In this article I want to concentrate a little bit more on how these speakers actually perform at a live gig, how portable they are, how reliable they are, how well built they are, what makes these speakers so different from other speakers, and most importantly can the difference impact and improve your gigs? Hopefully by the end of this article you’ll not only know whether RCF Art 745A’s are right for you but whether high-end speakers in general are right for you.
First off let me assure you that I’m not one of those audiophile snobs who only likes high-end gear and turns his nose up at cheap gear. Not me. If a piece of cheap gear sounds good, it’s good and I say so. Similarly, if I think something is just high priced junk I also say so.
So with that, let me just say right off the bat that the RCF Art 745A’s are superb speakers and in my humble opinion are well worth the money.
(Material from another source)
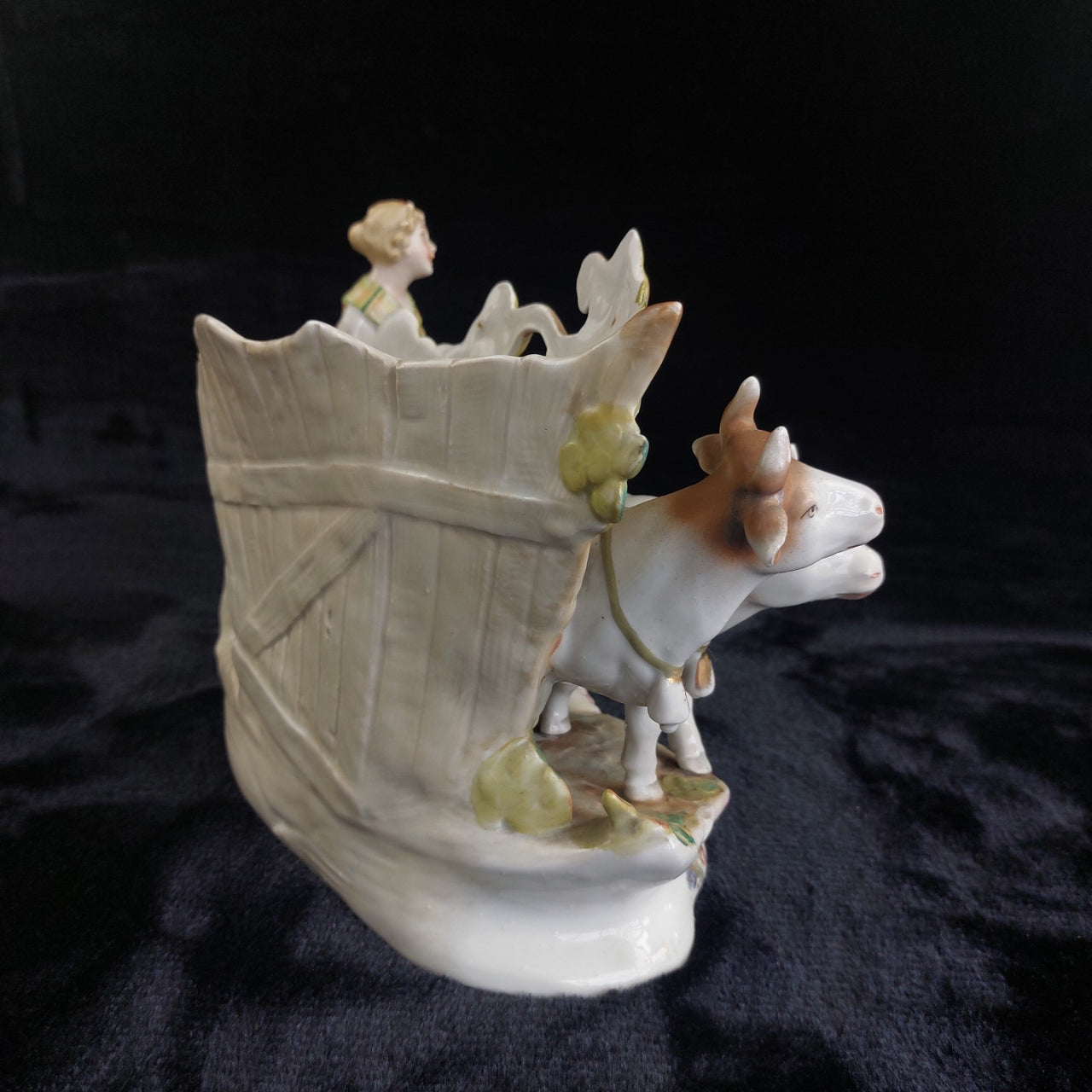 German Antique Porcelain Girl Oxen Cart Planter – Hand Painted 7"x10" 1261g8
However before you rush out and spend a ton of your hard earned cash on a pair of high-end speakers like the 745’s, bear in mind that there are also a few relatively inexpensive speakers on the market that, despite their low(ish) prices, still put out really good sound quality. Even the build quality of some of the cheaper boxes are pretty good. The Yamaha DBR’s, QSC CP’s, and EV ZLX range of speakers come immediately to mind.
Never forget though that even though cheap, entry level speakers can often sound surprisingly good, a good rule of thumb to remember is that all cheap speakers lose their sound quality when you turn the volume up.
Although cheap speakers can sound great when you’re listening to them at relatively low or medium volumes, as soon as you whack the volume up on them the quality of their sound disintegrates very quickly, often leaving you with a woolly or harsh pile of indecipherable sounding mush!
It saddens me (and annoys me a little bit too) that music shops sell a ton of these cheap speakers to customers knowing full well that the customer will NOT get the same quality of sound out of the speakers at a gig as they heard in the shop. Demo’s in the music shop are usually at low/medium volumes and even cheap speakers can often sound great at these volume levels. But at a live gig you’ll often be playing at a much higher volume level, and that’s when the sound quality of cheaper speakers deteriorates (and becomes VERY noticeable to the audience). OK, rant over!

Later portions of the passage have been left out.